Between its opener and eventual bookend, the album is less climatic sonically, but homes in on its concept. Would-be ephemera are continually given purpose. Subtlety isn’t necessary when you hold up a mirror to the disingenuous, cluttered, restless marketplace we exist between. Ferraro creates a disjointed and often bewildering soundscape, he muses about Yoga, Civilisation, Markets, most importantly – how the individual fits in to all of it. The disconnect between our individualism and the way we craft our own self-images is glaring – our globally connected world allows a window into any style, any movement, and can be lifted instantly. Our idea of unique, how we differentiate between each person denigrates to what degree we engage with the market – transactional history interacts with our personality on a greater level than ever before. Ferraro interjects his compositions with advertisements that mirror the television-watching experience and the jarring derailment of daily life by the consumerist age. Life on shuffle, we digest – seated on a conveyor belt in some hyperactive shopping centre, bass-heavy orchestral tones elevate the arrangements from playful tinkering to a blatant vanguard, where symphonic harmony personifies our struggle to emerge above prosaic existence.

Every small distraction that we place in our own lives, multiplied by the distractions that external forces place on our shoulders, come to a heady and dizzying crossroads throughout. Often Ferraro focuses on the moments where we toil and struggle – and it may seem obvious, but we rise and fall – we succeed and then we fuck up. The Human Story isn’t really epic, but life rarely comes in extremes. We sit, we walk, watch or read, never straining ourselves more than necessary – we add virtual clutter to an existence that revolves around comfort. That clutter seems crucial now, even if it sounds unplanned – like a MIDI ensemble conducted by a head full of wires, or a program that translates our data into sound, or even something completely random, but maybe we can find something in nearly anything.

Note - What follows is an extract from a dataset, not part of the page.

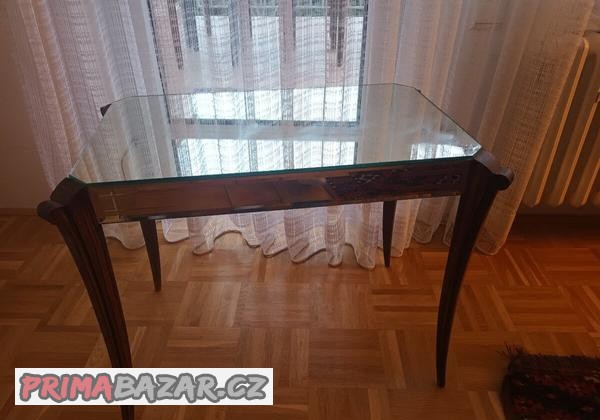 Zrcadlovy konferenční stolek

The intersection we find ourselves at – between natural and digital, gives us a plethora of options when we log on. We can choose who we are, how long we stay, how shallow our activities are, whether we interact or we observe. I log on to hear this album, somebody writes that it’s “pure shit, end of story” – maybe this is the intellectual and technological marriage that Ferraro writes about. Maybe it’s a hallmark of alienation shattering our permanence, the harsh midpoint between global and personal relationships. It may seem to suggest technophobia, but Human Story 3 is really a contemplation, not to say Ferraro is spit-balling, it is considered – but what he’s asking is how adroit basement dwellers feel disengaged from the globalised existence. Despite all of its wonders (which are more than plentiful) there is still a lack of contact, of touch. The lack of humanity doesn’t come from technology itself; the internet’s least travelled paths are still what we would describe as free, it’s owing to the way it functions in our societies – largely analogous, incongruous and impersonal.

Human Story 3 is a study, a circumstantial and distinct time-capsule for the hyper-realist age, a portrait of all of us – hesitating and bourgeoning but completely up to date, to the second, racing towards whatever is ahead.